As a chess player her opening repertoire seemed somewhat limited. If I had played the Modern Defense instead of the Sicilian I may have gotten a better opening against her and won instead of losing. She saw sacrifices and combinations that I don’t even look for and that is her natural talent. I wish that I had remembered to get her to sign my score sheet because I think that she may become a well known player some day. An opponent on Stan’s NetChess stated that he knew Nathalie and that she won the Under Age 21 Female Championship of the Netherlands. I congratulate her on that victory.

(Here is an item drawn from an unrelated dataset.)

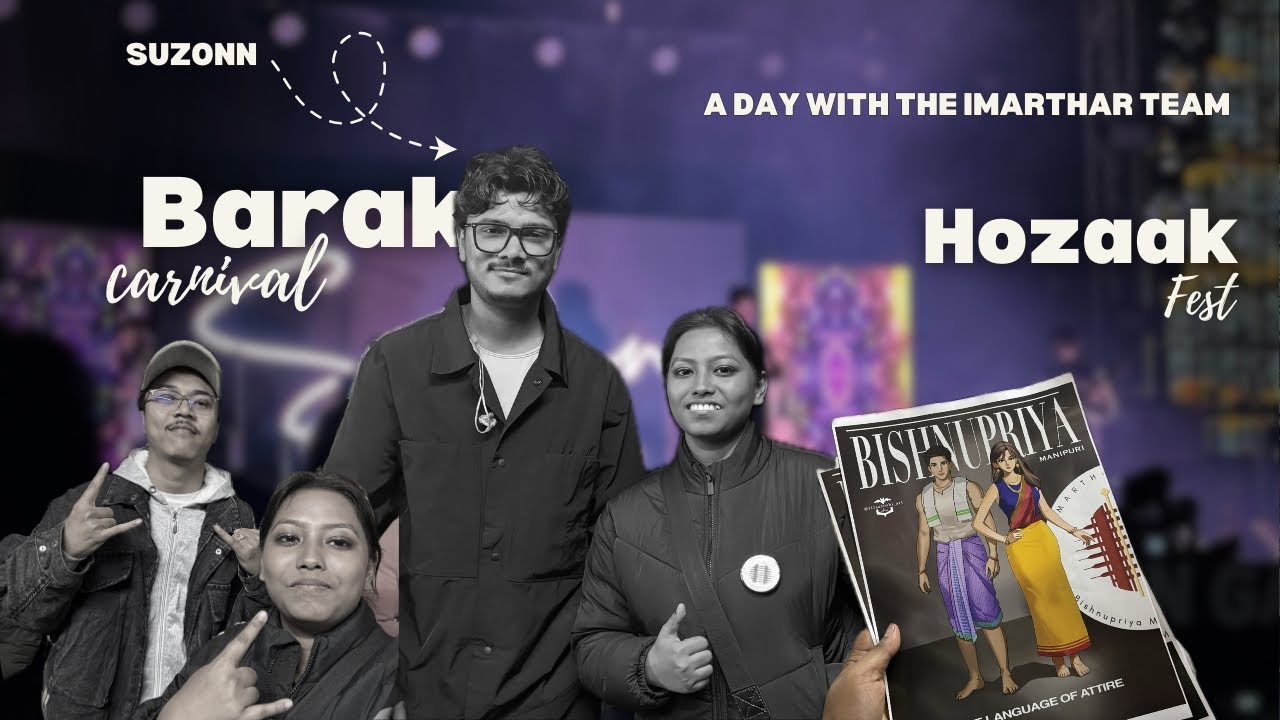 Barak Carnival 2025 | Hozaak Fest | Cinematic Vlog | Attending Fest with the Imarthar Core Team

The pictures below were taken recently at other events but they give some idea of what Nathalie looked like at the time that I played her. None of the pictures that I found of her online do her justice.

 

Nathalie van der Lende

This is close to what Nathalie van der Lende looked like when I played her at the Southern Open in 2010.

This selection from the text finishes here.